Dans « Sostiene Pereira », Monteiro Rossi écrit la nécrologie de Gabriele d’Annunzio en ces termes :

« Il y a exactement 5 mois, à huit heures du soir, le premier mars 1938, mourait Gabriele d’Annunzio. A cette époque, ce journal n’avait pas encore sa page culturelle, mais le moment nous semble aujourd’hui venu de parler de lui. Gabriele d’Annunzio dont, entre parenthèses, le vrai nom était Rapagnetta a-t-il été un grand poète ? Il est difficile de se prononcer, parce que ses oeuvres sont encore trop récentes pour nous qui sommes ses contemporains. Peut-être vaut-il mieux parler de sa personnalité en tant qu’homme qui se mélange à celle de l’artiste. Il fut avant tout un vate. Il aima le luxe, les mondanités, l’emphase, l’action.
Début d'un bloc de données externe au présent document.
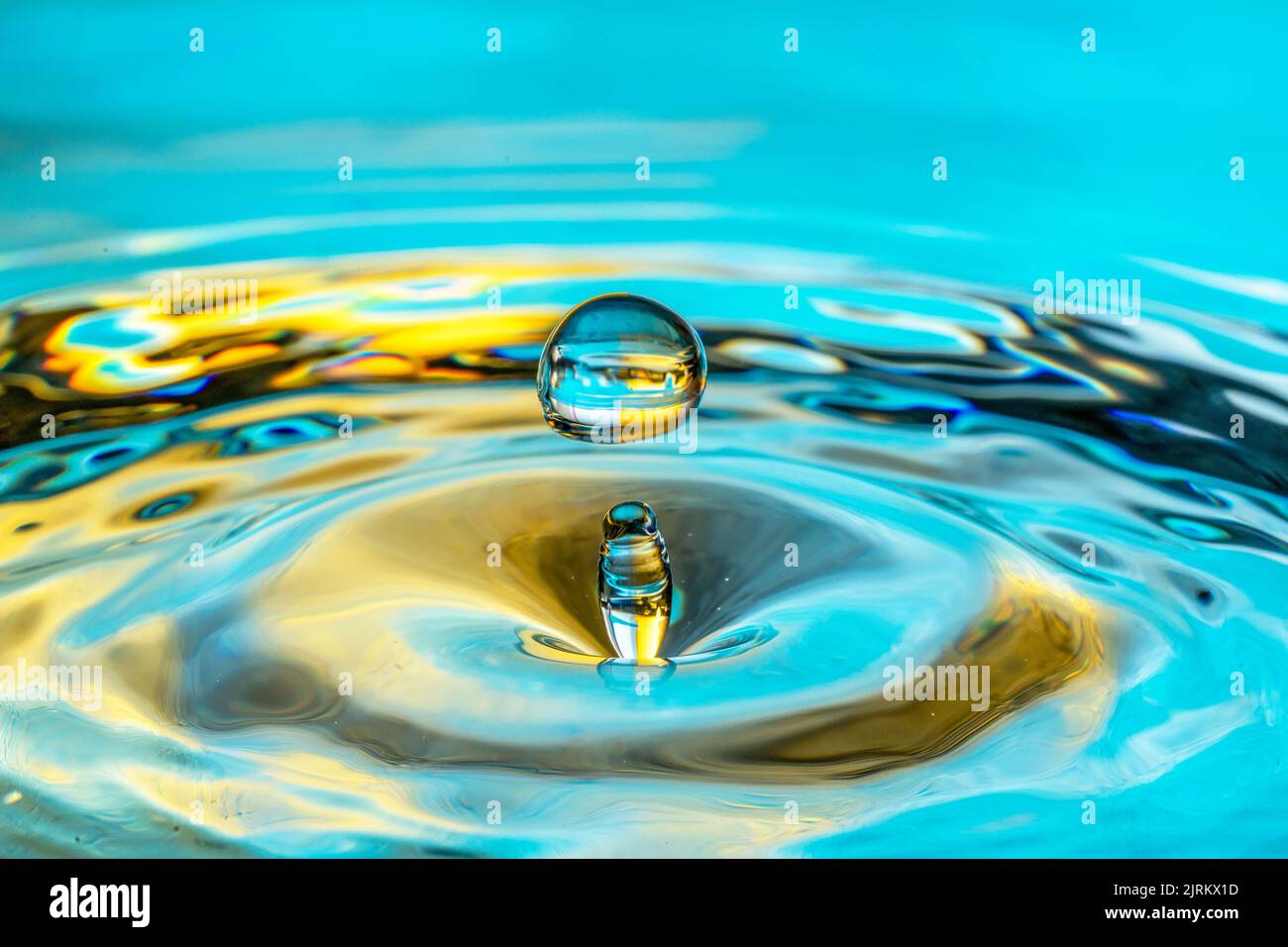 Wassertropfen Spritzer isoliert auf türkisfarbenem Hintergrund. Stockfoto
Il fut un grand décadent, faisant fi des règles morales, amant de la morbidité et de l’érotisme. Il emprunta à Nietzsche le mythe du surhomme mais il le réduisit à une vision de volonté de puissance d’idéaux esthétisants destinés à composer le kaléidoscope coloré d’une vie inimitable. Il fut interventionniste pendant la grande guerre, ennemi déclaré de la paix entre les peuples. Il vécut des entreprises belliqueuses et provocatrices comme le vol sur Vienne, en 1918, quand il lança des tracts italiens sur la ville. Après la guerre il organisa l’occupation de la ville de Fiume, de laquelle il fut ensuite délogé par les troupes italiennes. S’étant retiré à Gardone, dans une villa qu’il nomme le Vittoriale degli Italiani, il conduisit une vie dissolue et décadente, se distinguant par des amours futiles et des aventures érotiques. Sa sympathie allait au fascisme et aux entreprises guerrières. Fernando Pessoa l’avait baptisé « solo de trombone » et peut-être n’avait-il pas tous les torts. le son de sa voix qui parvient à nos oreilles n’est guère le son délicat du violon, mais la voix tonnante d’un instrument à vent, d’une trompette sonnante et tyrannique. Une vie qui ne fut en rien exemplaire, un poète ronflant, un homme plein d’ombres et de compromis. Un personnage à ne pas imiter, et c’est pour cela que nous en évoquons le souvenir. »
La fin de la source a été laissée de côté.